- _What is being asked_
Only one span of the listing below should come back. It runs from the line with "Carrefour Koszula nocna damska TEX oferta" through the line with "1/35 Scale Vol-vo", and each of its lines must be reproduced exactly.

- _Entries shown_

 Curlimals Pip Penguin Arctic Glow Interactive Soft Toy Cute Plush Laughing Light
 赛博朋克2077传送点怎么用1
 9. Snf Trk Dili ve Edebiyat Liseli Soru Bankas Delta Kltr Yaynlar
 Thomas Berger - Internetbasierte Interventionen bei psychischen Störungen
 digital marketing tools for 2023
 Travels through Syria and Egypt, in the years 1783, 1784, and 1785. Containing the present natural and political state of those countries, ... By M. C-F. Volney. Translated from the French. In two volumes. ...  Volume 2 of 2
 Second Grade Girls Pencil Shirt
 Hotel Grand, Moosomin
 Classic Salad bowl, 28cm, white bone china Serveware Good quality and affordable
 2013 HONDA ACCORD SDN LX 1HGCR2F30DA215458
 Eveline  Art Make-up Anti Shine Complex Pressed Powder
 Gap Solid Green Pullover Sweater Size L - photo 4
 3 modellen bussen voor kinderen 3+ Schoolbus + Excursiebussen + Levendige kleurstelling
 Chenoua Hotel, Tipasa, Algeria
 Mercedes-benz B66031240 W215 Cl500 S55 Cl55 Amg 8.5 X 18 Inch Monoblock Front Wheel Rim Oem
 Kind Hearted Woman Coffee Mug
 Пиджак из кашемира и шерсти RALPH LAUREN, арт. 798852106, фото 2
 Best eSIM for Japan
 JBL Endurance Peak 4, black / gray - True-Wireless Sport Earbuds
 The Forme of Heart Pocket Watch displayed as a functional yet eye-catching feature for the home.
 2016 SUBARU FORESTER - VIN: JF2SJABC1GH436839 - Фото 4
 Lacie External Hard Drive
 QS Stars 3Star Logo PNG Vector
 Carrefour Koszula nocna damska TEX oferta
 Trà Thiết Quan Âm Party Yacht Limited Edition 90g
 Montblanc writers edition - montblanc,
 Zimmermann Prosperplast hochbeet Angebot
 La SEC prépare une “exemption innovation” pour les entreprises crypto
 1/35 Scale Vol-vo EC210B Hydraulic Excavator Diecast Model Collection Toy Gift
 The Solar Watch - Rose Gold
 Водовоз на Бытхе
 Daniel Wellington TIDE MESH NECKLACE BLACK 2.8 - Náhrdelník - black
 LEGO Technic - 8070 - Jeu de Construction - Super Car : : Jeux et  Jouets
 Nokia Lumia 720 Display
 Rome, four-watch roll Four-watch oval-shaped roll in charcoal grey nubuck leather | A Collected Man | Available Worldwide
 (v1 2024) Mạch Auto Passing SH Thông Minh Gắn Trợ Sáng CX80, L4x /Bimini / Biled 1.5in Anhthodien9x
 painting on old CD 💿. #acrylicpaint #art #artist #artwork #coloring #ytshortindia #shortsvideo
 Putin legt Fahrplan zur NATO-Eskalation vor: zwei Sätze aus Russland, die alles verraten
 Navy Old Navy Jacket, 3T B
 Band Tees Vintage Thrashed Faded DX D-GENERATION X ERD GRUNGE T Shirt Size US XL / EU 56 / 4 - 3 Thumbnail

- _Task answer_
 Carrefour Koszula nocna damska TEX oferta
 Trà Thiết Quan Âm Party Yacht Limited Edition 90g
 Montblanc writers edition - montblanc,
 Zimmermann Prosperplast hochbeet Angebot
 La SEC prépare une “exemption innovation” pour les entreprises crypto
 1/35 Scale Vol-vo EC210B Hydraulic Excavator Diecast Model Collection Toy Gift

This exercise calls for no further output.